Competition watchdog on track of cartels

SA's Competition Commission is still cracking down on cartel activity following its many successes in breaking up cartels.

The commission is conducting an investigation into steel traders and polymers industries.

“These are still under investigation and no conclusion has yet been reached,” says Nandi Mokoena, manager of strategy and stakeholder relations at the commission.

“The Competition Commission is increasing its capacity to crack down on cartels and is intensifying efforts in this area. Accordingly, business can expect a heightened focus on cartels, which is likely to result in increased detection and prosecution of cartels,” Mokoena says.

“Firms would do well to apply for leniency before they are caught and in this way eradicate cartel behaviour, minimise reputational damage and potentially avoid prosecution.” Mokoena says cartels are considered the most serious of competition law contraventions.

“As such, the commission considers cartel investigations to be a high priority.”

A cartel is a group of businesses that aims to fix prices and limit supply and competition. Some of this conduct includes price-fixing, excluding competitors, collusive tendering, rigging of bids and carving up markets.
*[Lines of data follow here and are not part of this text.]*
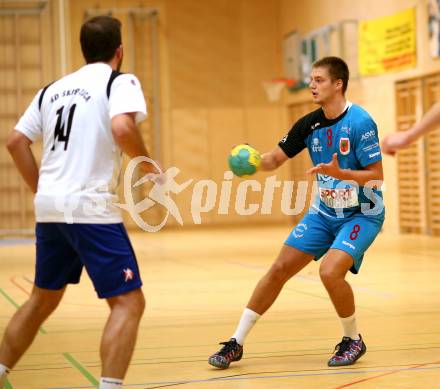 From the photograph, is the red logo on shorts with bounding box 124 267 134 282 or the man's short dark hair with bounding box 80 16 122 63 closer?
the red logo on shorts with bounding box 124 267 134 282

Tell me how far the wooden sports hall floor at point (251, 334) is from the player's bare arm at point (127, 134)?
177 cm

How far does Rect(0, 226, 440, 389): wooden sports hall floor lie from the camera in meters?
5.66

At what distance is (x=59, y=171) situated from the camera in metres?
4.46

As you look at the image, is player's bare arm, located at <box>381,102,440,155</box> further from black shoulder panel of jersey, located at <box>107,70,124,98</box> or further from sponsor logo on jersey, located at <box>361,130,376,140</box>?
sponsor logo on jersey, located at <box>361,130,376,140</box>

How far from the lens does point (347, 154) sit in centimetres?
601

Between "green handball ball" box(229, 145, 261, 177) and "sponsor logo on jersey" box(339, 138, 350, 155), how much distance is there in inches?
22.9

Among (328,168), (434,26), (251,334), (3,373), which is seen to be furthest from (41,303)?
(434,26)

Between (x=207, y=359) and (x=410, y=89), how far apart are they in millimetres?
13099

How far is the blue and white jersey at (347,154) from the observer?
5.93 metres

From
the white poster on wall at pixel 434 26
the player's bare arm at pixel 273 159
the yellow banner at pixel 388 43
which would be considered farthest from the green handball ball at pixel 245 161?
the yellow banner at pixel 388 43

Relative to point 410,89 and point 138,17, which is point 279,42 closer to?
point 138,17

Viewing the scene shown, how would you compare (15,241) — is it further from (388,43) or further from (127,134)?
(127,134)

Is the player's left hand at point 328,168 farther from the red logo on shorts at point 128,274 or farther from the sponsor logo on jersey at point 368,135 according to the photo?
the red logo on shorts at point 128,274

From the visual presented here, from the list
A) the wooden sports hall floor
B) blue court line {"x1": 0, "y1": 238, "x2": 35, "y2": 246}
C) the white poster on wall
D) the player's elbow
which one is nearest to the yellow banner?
the white poster on wall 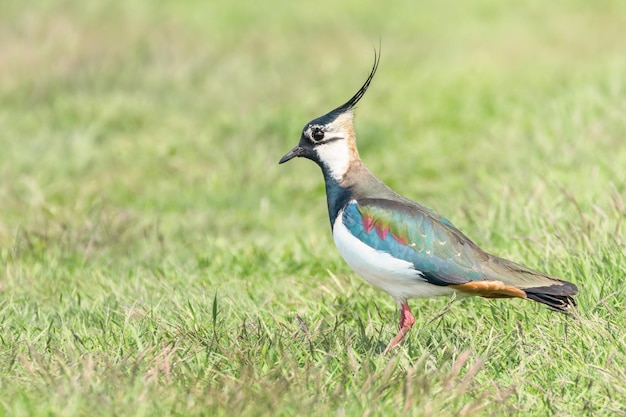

In SA, the Competition Act allows for a maximum penalty of 10% of total turnover.

The level of fines has increased significantly over the past few years, coming close to 10% of the offending companies' “turnover in the line of business” in which the cartel conduct took place.

Mokoena says that in the past three years the commission has prioritised specific sectors and stepped up efforts to eradicate cartels in these industries.

As a result of the proactive work undertaken by the commission in these sectors and the complaints the commission has received, the most notable cartel cases have taken place in the food and agro-processing sector. These include the bread and milk cartel cases, which were finalised by the commission and referred to the Competition Tribunal for prosecution.

She says the commission also has uncovered cartels in the PVC and HDPE plastic piping industry, and in the manufacture of concrete pipes, culverts and manholes. “The commission also uncovered a cartel operating in the scrap-metal industry.”

She says the commission is conducting an investigation into the bicycle sector and is obtaining further information on certain allegations.

Mokoena says the corporate leniency policy of the commission has been instrumental in offering companies a way to admit transgressions without incurring liability. From 2007 to date, the commission has received 19 leniency applications.

“The commission considers the leniency policy to be a great success, but without thorough investigations and the resultant prosecutions or settlements of the cases, the policy would soon become ineffective.”

Jean Meijer, a competition lawyer at commercial law firm Bowman Gilfillan, says the Competition Commission has become more active and aggressive, carrying out about six dawn raids in the past year.

The commission has adopted a policy of requiring admission of liability before granting leniency or entering into settlement agreements, even though this is not a requirement of the Competition Act.

It is also constantly pushing up the level of administrative penalties, says Meijer. “This is in keeping with international trends.”

She says that although the leniency policy has been a significant factor in the commission's recent successes, firms should not rush to make use of the policy without fully understanding its implications.